Data under study
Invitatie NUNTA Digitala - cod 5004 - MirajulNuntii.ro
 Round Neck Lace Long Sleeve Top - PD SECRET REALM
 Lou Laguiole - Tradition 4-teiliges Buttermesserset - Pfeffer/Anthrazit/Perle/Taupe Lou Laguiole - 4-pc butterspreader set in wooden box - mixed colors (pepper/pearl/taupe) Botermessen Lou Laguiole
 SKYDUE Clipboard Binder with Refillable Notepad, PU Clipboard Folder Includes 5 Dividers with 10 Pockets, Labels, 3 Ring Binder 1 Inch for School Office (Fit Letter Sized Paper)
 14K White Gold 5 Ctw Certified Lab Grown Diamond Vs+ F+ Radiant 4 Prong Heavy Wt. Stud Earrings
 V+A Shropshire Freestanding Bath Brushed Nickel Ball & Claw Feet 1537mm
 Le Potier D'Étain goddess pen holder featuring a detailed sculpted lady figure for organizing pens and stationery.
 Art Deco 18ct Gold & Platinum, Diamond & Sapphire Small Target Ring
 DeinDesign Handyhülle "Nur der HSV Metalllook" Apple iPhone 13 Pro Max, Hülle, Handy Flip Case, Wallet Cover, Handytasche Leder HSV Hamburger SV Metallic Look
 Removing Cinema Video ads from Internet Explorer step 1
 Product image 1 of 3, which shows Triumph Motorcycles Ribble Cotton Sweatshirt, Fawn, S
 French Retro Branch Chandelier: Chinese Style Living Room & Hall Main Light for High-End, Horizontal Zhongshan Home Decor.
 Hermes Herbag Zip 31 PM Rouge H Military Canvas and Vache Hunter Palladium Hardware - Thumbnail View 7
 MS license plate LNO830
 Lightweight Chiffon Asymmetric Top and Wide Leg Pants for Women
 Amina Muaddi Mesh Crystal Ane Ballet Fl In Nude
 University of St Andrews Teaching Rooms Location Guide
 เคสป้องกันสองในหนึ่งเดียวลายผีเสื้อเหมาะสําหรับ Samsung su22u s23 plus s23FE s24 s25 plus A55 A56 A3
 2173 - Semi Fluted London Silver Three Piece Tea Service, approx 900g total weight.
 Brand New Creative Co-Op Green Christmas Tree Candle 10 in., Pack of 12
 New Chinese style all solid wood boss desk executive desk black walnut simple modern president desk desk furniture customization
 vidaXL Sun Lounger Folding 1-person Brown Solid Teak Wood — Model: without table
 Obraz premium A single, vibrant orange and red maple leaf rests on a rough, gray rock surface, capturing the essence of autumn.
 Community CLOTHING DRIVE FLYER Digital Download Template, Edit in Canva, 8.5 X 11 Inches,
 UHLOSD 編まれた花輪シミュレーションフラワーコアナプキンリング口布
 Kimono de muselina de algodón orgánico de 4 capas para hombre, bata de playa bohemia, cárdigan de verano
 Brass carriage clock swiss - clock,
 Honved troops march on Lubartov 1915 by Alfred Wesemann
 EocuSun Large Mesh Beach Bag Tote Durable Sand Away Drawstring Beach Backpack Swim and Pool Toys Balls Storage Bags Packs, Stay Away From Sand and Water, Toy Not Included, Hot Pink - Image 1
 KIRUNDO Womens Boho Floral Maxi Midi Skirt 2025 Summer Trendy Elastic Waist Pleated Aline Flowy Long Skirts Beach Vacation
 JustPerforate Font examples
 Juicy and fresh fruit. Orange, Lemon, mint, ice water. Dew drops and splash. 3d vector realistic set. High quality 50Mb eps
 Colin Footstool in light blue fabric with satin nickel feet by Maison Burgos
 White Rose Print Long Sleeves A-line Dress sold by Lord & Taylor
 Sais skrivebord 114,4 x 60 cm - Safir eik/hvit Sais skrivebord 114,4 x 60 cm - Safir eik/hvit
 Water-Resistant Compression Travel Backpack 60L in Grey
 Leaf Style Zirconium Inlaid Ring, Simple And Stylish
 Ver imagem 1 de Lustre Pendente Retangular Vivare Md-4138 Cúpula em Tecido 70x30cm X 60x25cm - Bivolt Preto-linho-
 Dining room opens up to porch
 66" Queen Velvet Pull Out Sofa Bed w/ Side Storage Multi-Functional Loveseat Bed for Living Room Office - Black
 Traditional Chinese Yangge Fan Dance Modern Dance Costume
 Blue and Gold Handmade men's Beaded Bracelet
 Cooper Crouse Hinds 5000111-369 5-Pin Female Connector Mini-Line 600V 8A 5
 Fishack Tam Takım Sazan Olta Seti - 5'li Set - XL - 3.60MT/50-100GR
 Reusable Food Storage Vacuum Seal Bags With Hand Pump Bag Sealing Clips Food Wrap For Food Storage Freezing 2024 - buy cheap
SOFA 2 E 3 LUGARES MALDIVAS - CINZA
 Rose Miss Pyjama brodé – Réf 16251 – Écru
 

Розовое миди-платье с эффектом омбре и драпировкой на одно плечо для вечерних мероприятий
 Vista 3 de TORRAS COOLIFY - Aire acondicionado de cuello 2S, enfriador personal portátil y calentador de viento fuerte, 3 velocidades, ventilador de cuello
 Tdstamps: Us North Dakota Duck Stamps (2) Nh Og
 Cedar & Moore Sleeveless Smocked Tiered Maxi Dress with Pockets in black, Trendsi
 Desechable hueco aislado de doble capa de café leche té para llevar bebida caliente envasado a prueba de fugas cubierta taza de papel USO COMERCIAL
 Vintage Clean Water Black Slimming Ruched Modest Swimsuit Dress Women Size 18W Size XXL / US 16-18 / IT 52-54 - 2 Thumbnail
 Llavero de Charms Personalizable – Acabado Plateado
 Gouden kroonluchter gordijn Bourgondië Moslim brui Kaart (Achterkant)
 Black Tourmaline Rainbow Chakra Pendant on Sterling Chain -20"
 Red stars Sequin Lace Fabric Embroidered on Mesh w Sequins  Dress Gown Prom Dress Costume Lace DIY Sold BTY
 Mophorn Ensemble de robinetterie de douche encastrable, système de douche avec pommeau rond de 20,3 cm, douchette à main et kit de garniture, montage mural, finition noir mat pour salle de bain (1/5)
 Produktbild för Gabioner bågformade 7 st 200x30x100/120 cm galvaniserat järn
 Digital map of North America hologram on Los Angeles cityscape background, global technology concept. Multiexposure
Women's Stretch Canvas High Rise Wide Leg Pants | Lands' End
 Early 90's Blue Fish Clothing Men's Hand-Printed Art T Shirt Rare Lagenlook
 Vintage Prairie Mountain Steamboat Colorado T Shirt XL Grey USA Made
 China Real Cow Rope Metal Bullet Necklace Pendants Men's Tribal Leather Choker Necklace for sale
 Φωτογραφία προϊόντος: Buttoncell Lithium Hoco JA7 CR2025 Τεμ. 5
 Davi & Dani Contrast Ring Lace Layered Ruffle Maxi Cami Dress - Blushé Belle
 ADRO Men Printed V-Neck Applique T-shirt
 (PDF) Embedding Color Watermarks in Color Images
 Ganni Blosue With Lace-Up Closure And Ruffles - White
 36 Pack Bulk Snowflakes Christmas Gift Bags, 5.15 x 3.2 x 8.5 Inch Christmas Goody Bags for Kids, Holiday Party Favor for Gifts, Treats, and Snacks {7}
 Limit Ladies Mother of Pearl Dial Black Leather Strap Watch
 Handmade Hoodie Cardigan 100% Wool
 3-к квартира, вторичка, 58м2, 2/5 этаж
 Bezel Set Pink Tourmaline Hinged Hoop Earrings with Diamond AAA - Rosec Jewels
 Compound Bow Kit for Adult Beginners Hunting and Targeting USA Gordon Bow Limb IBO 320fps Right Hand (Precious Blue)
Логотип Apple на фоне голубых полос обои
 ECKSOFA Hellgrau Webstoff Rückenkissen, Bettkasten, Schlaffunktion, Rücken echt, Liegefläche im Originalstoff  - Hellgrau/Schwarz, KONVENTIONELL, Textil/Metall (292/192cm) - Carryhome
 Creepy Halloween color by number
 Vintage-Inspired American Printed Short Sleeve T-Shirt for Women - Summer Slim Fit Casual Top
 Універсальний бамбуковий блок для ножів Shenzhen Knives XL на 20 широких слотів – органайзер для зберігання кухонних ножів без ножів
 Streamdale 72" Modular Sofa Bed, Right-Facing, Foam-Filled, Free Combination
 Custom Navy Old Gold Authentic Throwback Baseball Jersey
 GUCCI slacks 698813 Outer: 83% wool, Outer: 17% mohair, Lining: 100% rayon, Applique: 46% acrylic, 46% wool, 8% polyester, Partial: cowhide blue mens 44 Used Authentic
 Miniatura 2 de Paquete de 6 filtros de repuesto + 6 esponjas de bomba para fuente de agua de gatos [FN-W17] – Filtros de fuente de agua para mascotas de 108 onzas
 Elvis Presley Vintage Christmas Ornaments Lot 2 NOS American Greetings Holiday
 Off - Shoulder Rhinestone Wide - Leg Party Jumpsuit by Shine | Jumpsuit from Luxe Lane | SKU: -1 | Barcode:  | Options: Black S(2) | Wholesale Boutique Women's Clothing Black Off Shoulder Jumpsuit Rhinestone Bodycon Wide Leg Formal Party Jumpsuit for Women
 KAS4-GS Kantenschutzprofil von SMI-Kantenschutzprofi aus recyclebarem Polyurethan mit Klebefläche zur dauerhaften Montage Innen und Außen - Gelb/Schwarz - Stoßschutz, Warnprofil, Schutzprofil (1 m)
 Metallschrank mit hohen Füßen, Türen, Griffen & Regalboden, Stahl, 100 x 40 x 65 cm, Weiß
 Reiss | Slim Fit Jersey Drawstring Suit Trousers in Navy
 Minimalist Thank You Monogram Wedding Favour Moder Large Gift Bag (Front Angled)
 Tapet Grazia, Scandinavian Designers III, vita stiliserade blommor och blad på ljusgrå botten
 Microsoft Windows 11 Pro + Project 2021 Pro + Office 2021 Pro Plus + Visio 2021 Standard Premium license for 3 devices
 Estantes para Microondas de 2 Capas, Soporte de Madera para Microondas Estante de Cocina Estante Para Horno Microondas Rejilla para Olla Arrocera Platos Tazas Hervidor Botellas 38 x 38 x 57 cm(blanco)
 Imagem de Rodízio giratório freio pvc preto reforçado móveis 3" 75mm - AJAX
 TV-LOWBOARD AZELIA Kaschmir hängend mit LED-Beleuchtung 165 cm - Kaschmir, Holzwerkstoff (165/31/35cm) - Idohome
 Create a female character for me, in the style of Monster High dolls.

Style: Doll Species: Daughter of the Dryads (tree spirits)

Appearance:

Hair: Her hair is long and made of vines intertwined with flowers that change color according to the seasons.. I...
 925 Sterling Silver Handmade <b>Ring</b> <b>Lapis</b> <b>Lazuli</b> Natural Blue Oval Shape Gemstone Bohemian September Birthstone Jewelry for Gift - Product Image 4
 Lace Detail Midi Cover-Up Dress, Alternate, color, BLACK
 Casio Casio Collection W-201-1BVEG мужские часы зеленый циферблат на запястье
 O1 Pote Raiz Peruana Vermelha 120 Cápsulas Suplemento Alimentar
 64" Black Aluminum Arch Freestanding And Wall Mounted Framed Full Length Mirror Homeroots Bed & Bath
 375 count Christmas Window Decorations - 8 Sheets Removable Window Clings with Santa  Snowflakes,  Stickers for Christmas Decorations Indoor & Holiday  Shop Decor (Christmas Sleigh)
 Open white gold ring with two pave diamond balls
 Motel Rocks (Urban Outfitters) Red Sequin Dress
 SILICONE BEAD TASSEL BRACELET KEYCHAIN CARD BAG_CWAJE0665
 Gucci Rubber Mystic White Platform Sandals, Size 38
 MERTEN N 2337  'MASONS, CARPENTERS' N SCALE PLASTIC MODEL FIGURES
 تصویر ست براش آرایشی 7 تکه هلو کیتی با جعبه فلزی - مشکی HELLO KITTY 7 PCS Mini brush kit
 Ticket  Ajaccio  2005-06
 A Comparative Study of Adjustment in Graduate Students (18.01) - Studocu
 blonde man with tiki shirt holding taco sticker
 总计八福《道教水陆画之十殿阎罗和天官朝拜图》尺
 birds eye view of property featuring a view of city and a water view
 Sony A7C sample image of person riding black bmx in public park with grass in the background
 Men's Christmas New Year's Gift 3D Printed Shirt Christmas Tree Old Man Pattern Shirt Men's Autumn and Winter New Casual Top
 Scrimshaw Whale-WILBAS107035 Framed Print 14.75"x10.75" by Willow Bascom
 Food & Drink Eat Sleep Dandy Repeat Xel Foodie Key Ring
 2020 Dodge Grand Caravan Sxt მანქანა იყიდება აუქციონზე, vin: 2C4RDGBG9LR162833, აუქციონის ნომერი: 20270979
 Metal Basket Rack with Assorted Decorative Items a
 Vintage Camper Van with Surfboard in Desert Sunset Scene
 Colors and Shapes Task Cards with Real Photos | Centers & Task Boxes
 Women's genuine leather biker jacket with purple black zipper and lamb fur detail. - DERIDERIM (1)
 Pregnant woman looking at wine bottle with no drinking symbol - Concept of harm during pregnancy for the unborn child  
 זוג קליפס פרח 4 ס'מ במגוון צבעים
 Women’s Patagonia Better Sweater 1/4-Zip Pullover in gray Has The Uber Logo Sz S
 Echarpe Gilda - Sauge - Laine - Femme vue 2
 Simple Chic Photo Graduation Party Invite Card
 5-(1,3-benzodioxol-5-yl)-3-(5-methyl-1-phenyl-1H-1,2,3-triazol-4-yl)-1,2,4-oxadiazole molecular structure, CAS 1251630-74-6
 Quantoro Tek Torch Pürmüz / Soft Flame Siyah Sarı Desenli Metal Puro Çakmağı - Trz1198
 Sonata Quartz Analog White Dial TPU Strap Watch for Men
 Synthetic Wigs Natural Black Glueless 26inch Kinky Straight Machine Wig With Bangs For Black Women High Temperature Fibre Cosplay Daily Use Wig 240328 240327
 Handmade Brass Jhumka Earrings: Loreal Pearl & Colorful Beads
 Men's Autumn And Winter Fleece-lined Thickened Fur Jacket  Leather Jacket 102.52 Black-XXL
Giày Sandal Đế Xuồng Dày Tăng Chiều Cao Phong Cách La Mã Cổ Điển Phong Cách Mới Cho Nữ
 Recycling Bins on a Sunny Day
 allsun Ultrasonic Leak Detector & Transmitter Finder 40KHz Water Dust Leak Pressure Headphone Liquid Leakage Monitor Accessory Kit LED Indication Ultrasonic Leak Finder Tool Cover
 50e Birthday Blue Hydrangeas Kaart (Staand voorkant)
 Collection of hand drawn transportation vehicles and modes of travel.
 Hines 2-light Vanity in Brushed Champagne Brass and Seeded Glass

Task details
Take the entries above and return only the lines from the one with "Men's Christmas New" to the one with "Echarpe Gilda - Sauge - Laine - Femme vue 2", both included, unchanged.

Solution below
 Men's Christmas New Year's Gift 3D Printed Shirt Christmas Tree Old Man Pattern Shirt Men's Autumn and Winter New Casual Top
 Scrimshaw Whale-WILBAS107035 Framed Print 14.75"x10.75" by Willow Bascom
 Food & Drink Eat Sleep Dandy Repeat Xel Foodie Key Ring
 2020 Dodge Grand Caravan Sxt მანქანა იყიდება აუქციონზე, vin: 2C4RDGBG9LR162833, აუქციონის ნომერი: 20270979
 Metal Basket Rack with Assorted Decorative Items a
 Vintage Camper Van with Surfboard in Desert Sunset Scene
 Colors and Shapes Task Cards with Real Photos | Centers & Task Boxes
 Women's genuine leather biker jacket with purple black zipper and lamb fur detail. - DERIDERIM (1)
 Pregnant woman looking at wine bottle with no drinking symbol - Concept of harm during pregnancy for the unborn child  
 זוג קליפס פרח 4 ס'מ במגוון צבעים
 Women’s Patagonia Better Sweater 1/4-Zip Pullover in gray Has The Uber Logo Sz S
 Echarpe Gilda - Sauge - Laine - Femme vue 2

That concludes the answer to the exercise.